**REQUIRED ACTION:**
Those lines of the records that contain "Stock" are to be located and copied.

=== Section Start ===

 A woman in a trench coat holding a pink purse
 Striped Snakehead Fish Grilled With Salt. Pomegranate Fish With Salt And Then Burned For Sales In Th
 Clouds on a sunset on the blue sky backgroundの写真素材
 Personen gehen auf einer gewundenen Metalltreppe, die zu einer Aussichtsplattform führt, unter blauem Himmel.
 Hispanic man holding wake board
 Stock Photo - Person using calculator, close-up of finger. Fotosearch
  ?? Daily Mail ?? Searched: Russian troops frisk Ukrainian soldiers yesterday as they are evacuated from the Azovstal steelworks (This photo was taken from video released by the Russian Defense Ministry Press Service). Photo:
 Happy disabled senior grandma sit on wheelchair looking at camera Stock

=== Section End ===
=== Section Start ===

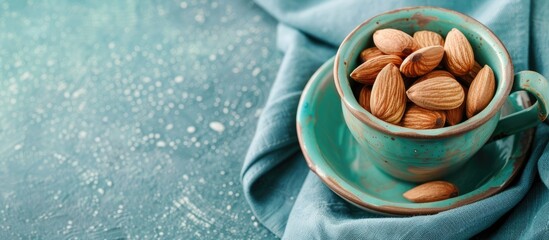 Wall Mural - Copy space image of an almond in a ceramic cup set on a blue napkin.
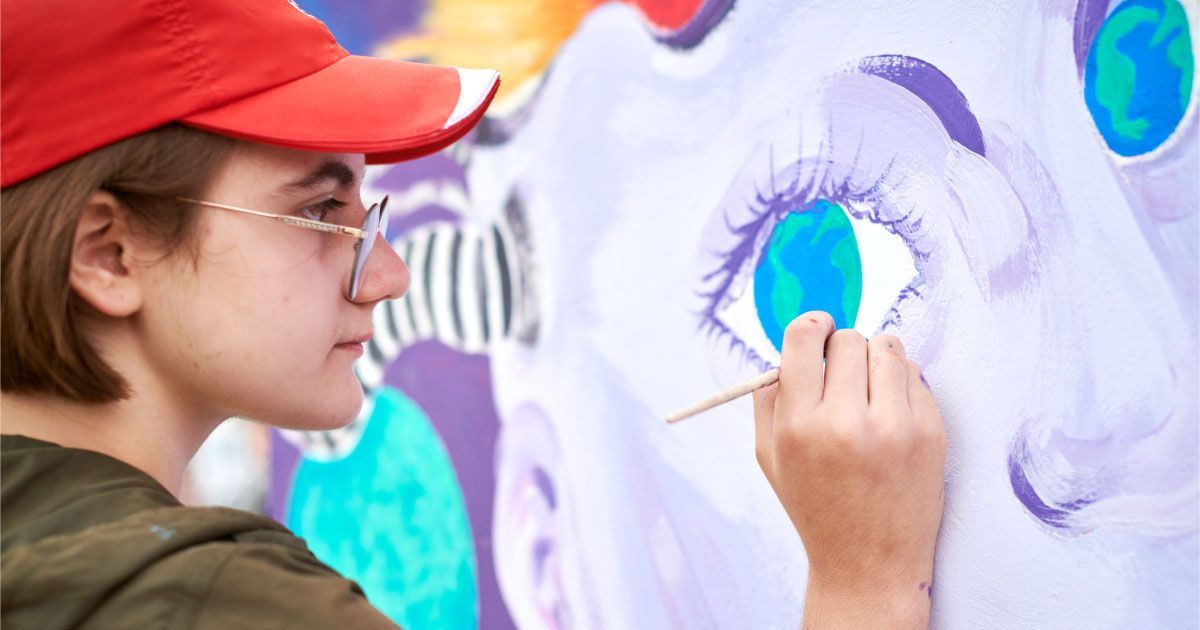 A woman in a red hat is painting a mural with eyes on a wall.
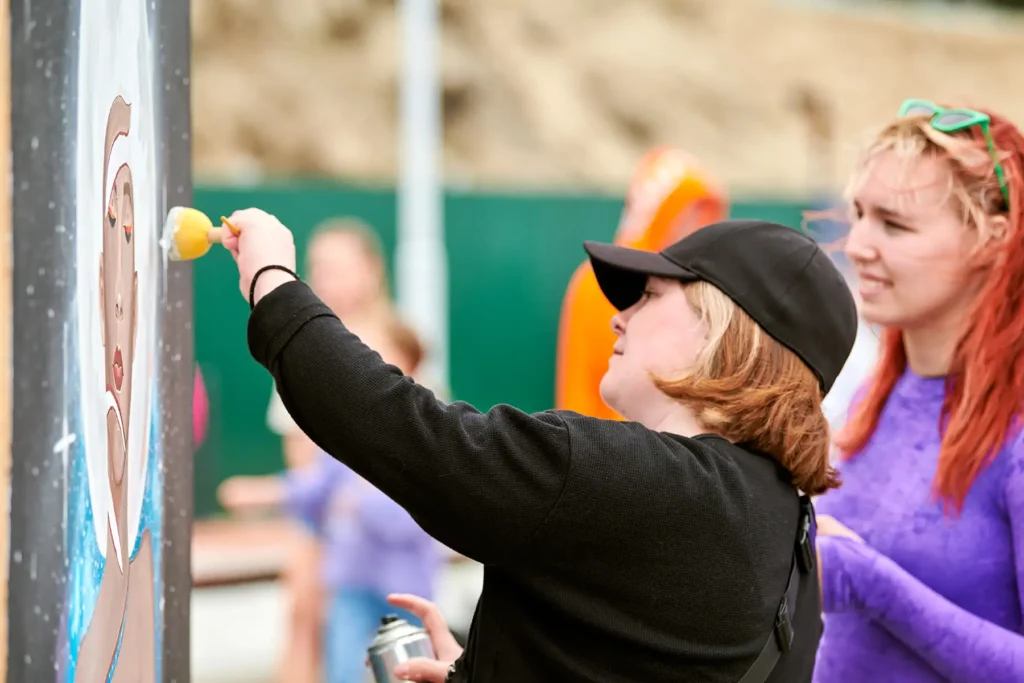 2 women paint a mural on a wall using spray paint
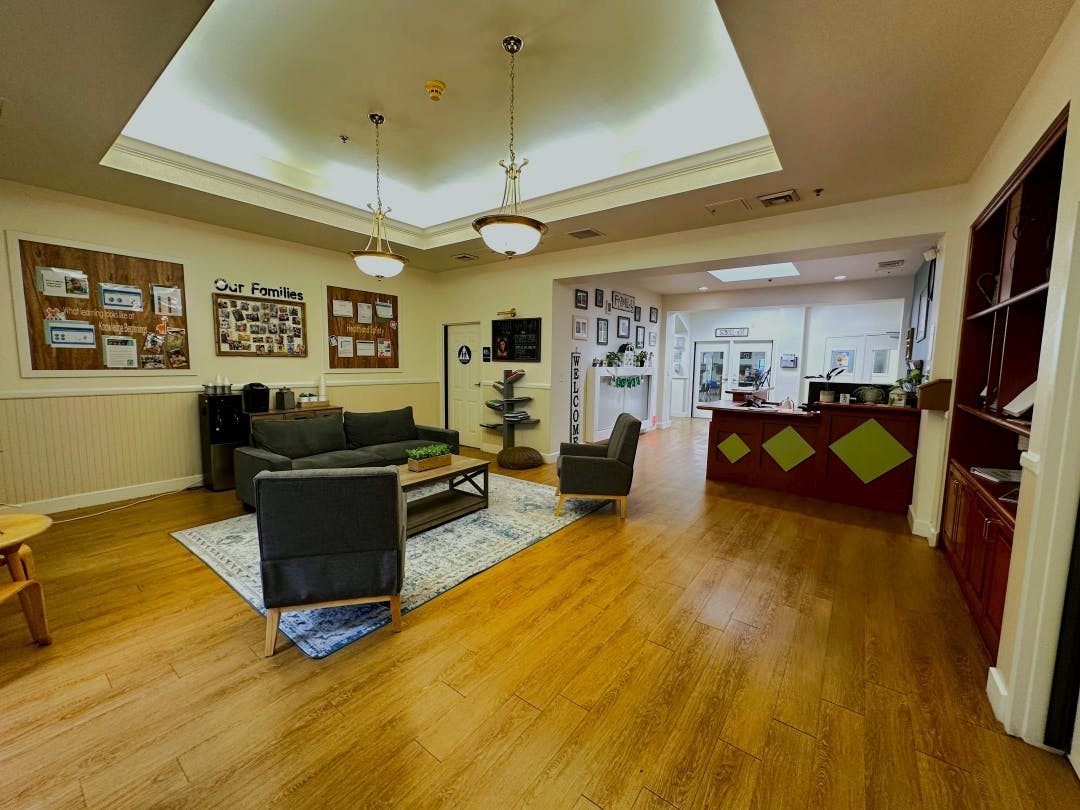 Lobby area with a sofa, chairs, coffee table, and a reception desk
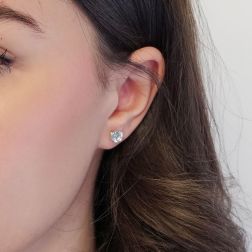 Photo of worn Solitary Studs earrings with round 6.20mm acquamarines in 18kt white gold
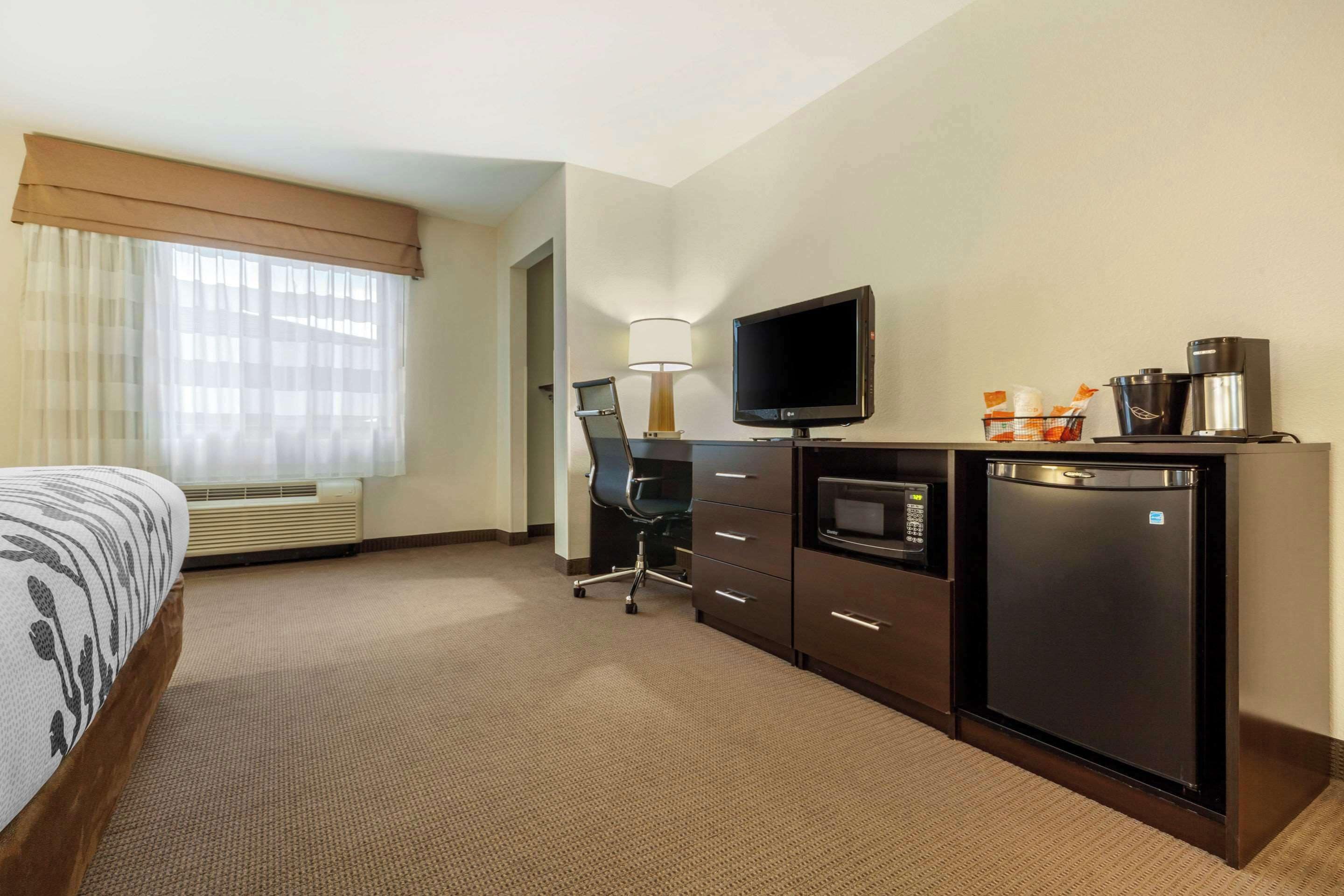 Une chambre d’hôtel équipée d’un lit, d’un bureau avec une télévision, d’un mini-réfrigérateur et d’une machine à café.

=== Section End ===

**SOLUTION TO THIS PROBLEM:**
 Stock Photo - Person using calculator, close-up of finger. Fotosearch
 Happy disabled senior grandma sit on wheelchair looking at camera Stock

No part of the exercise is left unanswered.